Rabat – Russian President Vladimir Putin said his country, as well as Iran and Turkey had agreed to meet with Syrian President Bashar Al Assad for peace talks in the capital of Kazakhstan to resolve the Syrian political crisis.
Putin said the next step will be instituting a nationwide ceasefire. He added that the takeover of Aleppo by Assad’s forces this week had not required the support of Russian airstrikes, Iranian support, or any other kind of outside help.
Russian Deputy Foreign Minister Gennadiy Gatilov said earlier today that the talks are expected to take place in mid-January 2017.
The Russian Ambassador to Turkey was assassinated this week by a man who committed the violent act to avenge the deaths of Syrians by Russian airstrikes. Turkey’s official position has been against Assad’s regime, though the country has worked with Russia in anti-Islamic State campaigns near the Turko-Syrian border.
Kazakhstan, a former Soviet republic, has remained a close ally of Russia since gaining independence in 1991. The talks will take place in Putin’s home field, instead of a location preferred by Washington, which vocally supported the rebels in their push for regime change.

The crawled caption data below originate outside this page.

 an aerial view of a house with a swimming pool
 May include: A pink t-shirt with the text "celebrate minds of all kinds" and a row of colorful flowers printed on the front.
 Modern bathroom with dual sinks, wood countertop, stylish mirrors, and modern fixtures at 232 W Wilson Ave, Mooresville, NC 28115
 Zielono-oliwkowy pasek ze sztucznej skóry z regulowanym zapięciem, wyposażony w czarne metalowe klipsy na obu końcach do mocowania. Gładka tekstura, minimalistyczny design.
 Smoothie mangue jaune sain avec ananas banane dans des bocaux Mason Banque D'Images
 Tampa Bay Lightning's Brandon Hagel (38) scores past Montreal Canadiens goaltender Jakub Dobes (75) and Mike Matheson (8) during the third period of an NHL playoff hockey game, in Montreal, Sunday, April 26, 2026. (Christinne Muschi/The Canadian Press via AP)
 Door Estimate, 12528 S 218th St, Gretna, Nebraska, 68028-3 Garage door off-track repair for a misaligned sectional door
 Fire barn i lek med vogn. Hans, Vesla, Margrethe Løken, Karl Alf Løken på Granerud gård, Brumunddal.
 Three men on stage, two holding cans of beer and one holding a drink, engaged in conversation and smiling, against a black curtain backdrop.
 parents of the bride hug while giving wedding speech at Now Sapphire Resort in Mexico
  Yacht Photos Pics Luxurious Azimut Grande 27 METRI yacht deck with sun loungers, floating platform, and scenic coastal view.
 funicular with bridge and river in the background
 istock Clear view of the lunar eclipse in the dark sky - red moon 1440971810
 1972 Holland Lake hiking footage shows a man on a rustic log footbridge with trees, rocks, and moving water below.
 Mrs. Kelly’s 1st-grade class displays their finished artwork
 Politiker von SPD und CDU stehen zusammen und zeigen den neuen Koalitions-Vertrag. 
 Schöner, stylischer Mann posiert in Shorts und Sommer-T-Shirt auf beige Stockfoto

It remains unclear what role the United States – which will be in the midst of a transition of power from President Barack Obama to President-elect Donald Trump as the talks occur – will play in the negotiations.
The Diplomat highlighted last week that Kazakhstan has maintained a “longstanding strategic partnership” with Assad’s regime and will support Russia’s lasting influence in the country.
Kazakh President Nursultan Nazarbayev – who, like his neighbors, runs a cult of personality-based government – will also support efforts to suppress Islamist anti-Assad factions, some of whom may pose a threat to Kazakhstan’s security.
Kazakhstan has remained officially neutral on the Syrian Civil War since its start in 2011. In 2015, the Central Asian country invited 30 leaders from factions opposing Assad to conduct peace talks, which, ultimately, failed.